《最終章第2部 ~鎮魂歌(レクイエム)~》


 どんよりと暗い曇天の下、村の広場の近くにある教会では沈痛な空気に包まれている。

 勇者の妻、シンシアの葬儀だ。

 祭壇では大神官のセシルが聖書の一節、鎮魂節を唱えている。祭壇の下には棺が横たえられ、半分開けられた蓋からは胸の上に手を組んだシンシアが納められていた。

 顔には化粧が施されているからか、まるで眠っているように見える。

 棺に近い最前列の長椅子には喪服に身を包んだ勇者と彼女の母が並んで腰かけており、悲痛に打ちひしがれる義母を勇者が時おり声をかけながら慰めていた。

 ふたりの後ろの列にはライラとタオが、その隣にはアントンとレヴィがいた。


 「嘘やろ……シンシアちゃんが、死ぬなんて……」目に涙を溜めながら俯くライラの肩をタオが手を回して抱きしめる。

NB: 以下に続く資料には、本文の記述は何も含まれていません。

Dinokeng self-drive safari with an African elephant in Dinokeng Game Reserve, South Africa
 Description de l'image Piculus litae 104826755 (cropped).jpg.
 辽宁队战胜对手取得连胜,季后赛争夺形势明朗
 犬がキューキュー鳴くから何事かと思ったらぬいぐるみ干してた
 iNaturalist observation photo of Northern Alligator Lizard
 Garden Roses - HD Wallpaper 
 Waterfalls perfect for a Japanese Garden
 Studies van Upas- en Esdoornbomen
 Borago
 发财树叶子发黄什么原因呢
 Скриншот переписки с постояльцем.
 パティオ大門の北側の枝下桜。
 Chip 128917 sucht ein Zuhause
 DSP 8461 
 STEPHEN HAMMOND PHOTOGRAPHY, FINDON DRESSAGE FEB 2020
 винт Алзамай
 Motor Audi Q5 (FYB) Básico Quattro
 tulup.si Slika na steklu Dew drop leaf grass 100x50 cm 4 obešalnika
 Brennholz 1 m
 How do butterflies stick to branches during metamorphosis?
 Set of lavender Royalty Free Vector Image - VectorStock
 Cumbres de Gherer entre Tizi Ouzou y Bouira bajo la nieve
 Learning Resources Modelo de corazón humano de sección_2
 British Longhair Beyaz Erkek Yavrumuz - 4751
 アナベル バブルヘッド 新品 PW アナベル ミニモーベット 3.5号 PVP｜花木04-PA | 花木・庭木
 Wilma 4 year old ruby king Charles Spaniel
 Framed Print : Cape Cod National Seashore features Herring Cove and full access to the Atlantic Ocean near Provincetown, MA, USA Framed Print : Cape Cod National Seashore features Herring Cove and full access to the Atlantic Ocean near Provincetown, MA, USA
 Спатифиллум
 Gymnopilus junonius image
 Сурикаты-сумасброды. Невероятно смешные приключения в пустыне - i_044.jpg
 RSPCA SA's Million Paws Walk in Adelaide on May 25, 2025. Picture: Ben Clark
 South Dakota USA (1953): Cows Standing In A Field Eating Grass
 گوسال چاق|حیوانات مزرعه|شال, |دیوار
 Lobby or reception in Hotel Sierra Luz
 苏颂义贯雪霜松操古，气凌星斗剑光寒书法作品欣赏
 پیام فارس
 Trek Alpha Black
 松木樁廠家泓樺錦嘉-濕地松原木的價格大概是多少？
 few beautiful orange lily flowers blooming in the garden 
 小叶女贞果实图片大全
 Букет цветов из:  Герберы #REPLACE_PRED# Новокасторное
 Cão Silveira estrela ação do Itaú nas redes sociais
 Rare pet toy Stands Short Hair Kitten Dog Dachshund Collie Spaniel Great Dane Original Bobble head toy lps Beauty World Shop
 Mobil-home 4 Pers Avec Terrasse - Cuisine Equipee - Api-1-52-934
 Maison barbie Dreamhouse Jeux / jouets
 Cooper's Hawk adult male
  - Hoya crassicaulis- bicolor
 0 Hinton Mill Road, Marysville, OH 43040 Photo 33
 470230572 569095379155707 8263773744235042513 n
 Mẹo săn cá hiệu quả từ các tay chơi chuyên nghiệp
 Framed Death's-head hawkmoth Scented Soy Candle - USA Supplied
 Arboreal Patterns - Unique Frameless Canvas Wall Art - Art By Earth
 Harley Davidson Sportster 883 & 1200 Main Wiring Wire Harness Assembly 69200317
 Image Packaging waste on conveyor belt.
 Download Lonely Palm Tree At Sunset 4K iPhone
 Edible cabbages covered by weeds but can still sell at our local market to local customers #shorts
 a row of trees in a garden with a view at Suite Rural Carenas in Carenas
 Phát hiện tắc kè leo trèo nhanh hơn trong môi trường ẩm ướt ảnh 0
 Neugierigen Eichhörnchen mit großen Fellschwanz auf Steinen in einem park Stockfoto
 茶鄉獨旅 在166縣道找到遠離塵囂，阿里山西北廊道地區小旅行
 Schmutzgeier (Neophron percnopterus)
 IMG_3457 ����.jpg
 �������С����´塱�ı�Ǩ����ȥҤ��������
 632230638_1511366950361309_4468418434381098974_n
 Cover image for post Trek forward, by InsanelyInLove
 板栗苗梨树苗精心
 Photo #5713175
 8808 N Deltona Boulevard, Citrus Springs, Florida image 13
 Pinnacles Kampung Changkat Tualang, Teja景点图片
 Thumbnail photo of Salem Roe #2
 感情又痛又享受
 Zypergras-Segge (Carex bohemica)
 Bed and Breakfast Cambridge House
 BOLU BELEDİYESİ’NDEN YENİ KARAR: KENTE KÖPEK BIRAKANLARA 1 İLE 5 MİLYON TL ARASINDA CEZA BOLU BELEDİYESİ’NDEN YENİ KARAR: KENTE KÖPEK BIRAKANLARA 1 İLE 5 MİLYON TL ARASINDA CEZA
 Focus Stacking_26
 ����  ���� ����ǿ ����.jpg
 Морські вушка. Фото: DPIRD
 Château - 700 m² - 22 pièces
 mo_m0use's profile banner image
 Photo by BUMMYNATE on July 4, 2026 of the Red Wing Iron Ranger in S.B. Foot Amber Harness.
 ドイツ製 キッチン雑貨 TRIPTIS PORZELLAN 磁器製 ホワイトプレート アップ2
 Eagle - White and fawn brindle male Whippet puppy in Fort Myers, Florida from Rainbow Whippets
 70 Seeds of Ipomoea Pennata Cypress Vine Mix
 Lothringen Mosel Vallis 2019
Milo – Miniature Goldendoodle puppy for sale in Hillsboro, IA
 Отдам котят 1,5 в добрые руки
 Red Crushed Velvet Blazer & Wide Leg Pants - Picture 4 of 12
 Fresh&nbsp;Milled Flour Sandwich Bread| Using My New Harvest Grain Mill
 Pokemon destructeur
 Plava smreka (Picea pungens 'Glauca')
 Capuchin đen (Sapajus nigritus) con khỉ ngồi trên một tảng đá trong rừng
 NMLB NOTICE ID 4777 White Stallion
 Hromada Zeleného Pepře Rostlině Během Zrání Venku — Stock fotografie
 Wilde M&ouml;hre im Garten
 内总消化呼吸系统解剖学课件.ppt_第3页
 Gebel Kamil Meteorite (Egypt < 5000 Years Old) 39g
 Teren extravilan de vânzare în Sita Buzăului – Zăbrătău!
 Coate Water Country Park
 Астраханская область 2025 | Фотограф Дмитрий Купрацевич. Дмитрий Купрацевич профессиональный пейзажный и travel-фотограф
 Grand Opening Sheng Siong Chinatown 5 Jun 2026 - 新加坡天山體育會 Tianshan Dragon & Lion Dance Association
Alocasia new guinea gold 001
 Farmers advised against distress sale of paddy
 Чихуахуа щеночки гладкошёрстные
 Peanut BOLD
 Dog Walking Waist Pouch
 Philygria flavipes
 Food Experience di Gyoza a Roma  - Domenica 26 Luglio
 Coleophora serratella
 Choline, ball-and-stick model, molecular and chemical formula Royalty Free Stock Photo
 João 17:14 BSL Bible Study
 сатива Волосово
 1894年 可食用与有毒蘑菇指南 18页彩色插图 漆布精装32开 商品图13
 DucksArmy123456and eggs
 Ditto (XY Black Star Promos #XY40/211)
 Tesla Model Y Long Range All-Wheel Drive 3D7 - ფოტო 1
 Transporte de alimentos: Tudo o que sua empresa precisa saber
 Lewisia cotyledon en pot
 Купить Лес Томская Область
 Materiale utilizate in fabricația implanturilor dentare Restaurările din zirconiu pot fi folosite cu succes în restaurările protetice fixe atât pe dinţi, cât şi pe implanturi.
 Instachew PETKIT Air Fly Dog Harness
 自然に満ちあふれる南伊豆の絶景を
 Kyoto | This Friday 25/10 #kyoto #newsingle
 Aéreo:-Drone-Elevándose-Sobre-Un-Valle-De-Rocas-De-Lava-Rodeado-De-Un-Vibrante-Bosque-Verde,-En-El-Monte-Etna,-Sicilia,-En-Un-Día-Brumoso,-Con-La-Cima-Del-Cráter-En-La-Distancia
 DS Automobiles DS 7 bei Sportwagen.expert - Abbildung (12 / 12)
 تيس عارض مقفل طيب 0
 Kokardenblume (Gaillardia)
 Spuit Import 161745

 レヴィも友人の急な逝去に涙を流し、アントンが鼻をすする。

 英雄一行だけでなく彼女の友人、村人や街の幼い頃から彼女をよく知る人たちも悲嘆にくれていた。

 やがて鎮魂節が終わり、セシルが顔をあげる。


 「皆さま。故人に、お別れの挨拶をお願いします」


 この村では故人の棺に花を添え、最後に親類が別れを告げるのが習わしとなっている。

 友人や知人たちが手に花を持ち、列に並んでめいめいがシンシアに別れを告げる。

 彼女の子どもの頃からの友人たち、ニナ、ネル、アンの三人も涙を流しながら花を添える。

 ひとりの少年が花を添え、くるりと勇者のほうへと向く。

 勇者の下で修行を志願したマルチェロだ。


 「勇者様、シンシアさんには大変お世話になりました。僕、きっと騎士になります。立派な騎士に!」


 頭を下げるとマルチェロはその場を離れる。

 参列者が次々とシンシアに最後の挨拶をするなか、教会の両開きの扉が勢いよく開かれる。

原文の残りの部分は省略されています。